Sorry dude, I'll take businesses not being able to go to banks as a "one-stop shop" over risking another repeat of the 2008 meltdown any day.
Do you know what Dodd-Frank did to derivatives, and what this amendment would change?
Is there any practical reason to believe that there is some good reason for this amendment from the perspective of anyone other than banks and the politicians they've purchased?
Perhaps I am overly cynical, but I think I can safely predict that any deregulation desired by giant banks and supported exclusively by Republican politicians and opposed by the likes of Elizabeth Warren is probably something bad for everyone else.
I could be wrong of course - and would love to hear why in this case it is actually a good repeal of un-needed restrictions.
Quote from: Berkut on December 17, 2014, 02:42:50 AM
Is there any practical reason to believe that there is some good reason for this amendment from the perspective of anyone other than banks and the politicians they've purchased?
Perhaps I am overly cynical, but I think I can safely predict that any deregulation desired by giant banks and supported exclusively by Republican politicians and opposed by the likes of Elizabeth Warren is probably something bad for everyone else.
I could be wrong of course - and would love to hear why in this case it is actually a good repeal of un-needed restrictions.
As Joan mentioned in this thread, not a single bank failed during the 08 crisis because of exposure to derivatives.
People have linked stories about the way the Frank-Dodd limitations on fees banks can charge customers on things like overdrafts and debit card transactions have led some banks to raise the minimum balance required to avoid a maintenance fee.
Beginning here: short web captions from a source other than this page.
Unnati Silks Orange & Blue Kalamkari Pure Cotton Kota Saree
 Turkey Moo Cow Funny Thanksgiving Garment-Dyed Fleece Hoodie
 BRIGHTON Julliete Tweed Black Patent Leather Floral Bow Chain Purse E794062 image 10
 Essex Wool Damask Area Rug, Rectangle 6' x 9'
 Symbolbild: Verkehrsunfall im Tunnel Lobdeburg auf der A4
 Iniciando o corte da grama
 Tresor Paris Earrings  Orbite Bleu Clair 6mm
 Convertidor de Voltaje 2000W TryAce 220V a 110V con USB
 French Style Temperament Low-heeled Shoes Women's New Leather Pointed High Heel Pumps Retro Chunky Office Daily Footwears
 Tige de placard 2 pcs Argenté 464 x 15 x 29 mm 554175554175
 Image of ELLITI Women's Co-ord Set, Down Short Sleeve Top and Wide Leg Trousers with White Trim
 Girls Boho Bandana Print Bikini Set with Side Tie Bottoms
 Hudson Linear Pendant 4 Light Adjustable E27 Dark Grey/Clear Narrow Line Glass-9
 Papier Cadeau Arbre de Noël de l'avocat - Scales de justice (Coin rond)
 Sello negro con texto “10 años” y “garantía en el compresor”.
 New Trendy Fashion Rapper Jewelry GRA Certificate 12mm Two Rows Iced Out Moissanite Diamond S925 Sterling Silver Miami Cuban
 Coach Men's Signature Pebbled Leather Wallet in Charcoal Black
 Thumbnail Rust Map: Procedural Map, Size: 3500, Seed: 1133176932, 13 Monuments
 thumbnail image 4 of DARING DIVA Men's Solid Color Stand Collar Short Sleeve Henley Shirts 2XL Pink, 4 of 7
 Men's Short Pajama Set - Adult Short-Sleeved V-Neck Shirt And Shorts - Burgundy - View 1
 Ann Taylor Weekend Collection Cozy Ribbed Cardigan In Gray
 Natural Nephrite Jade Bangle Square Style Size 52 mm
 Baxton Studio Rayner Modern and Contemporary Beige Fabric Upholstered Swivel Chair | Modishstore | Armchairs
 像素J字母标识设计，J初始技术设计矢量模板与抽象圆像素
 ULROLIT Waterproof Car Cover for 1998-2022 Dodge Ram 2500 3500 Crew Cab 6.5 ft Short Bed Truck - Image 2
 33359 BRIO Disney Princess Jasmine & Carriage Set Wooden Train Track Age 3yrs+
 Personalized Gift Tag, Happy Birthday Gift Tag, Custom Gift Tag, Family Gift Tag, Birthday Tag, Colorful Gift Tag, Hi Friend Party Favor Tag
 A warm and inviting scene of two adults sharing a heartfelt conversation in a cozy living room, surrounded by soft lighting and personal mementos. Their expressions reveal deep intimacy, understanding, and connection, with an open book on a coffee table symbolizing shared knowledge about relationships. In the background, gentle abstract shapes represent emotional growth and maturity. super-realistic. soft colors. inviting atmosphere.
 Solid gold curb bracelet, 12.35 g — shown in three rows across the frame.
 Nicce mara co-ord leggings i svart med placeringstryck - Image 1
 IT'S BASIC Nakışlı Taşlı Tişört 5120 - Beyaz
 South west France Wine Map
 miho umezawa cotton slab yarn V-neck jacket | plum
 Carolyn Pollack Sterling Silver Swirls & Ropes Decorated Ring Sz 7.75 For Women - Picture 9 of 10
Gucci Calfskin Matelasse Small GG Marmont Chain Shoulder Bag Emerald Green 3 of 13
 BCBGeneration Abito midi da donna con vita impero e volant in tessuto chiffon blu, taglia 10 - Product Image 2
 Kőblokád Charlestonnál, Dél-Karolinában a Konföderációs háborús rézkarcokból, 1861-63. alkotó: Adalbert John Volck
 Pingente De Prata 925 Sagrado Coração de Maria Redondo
That is a loss for people who don't write overdrafts or use their card for debits.
There has also been discussion of the way in which the exhaustive reporting requirements of Sarbanes-Oxley have led to the increase in the private equity form of ownership and the movement of public issuance away from New York to overseas exchanges. This is presumably a loss for the American investor.
I don't know enough about this particular amendment to comment on whether it is a net benefit to the public or not. But it is certainly true that not all regulations are unalloyed benefits for the public.
I don't approve of this crammed-in amendments, but it's all a bit of a tempest in teapot re D-F. Banks got into trouble in 08-09 because of overleverage and contagion from troubled counterparties. And the day will come when they will get in trouble again for similar reasons. Tinkering around with different product category permissions isn't likely to change much.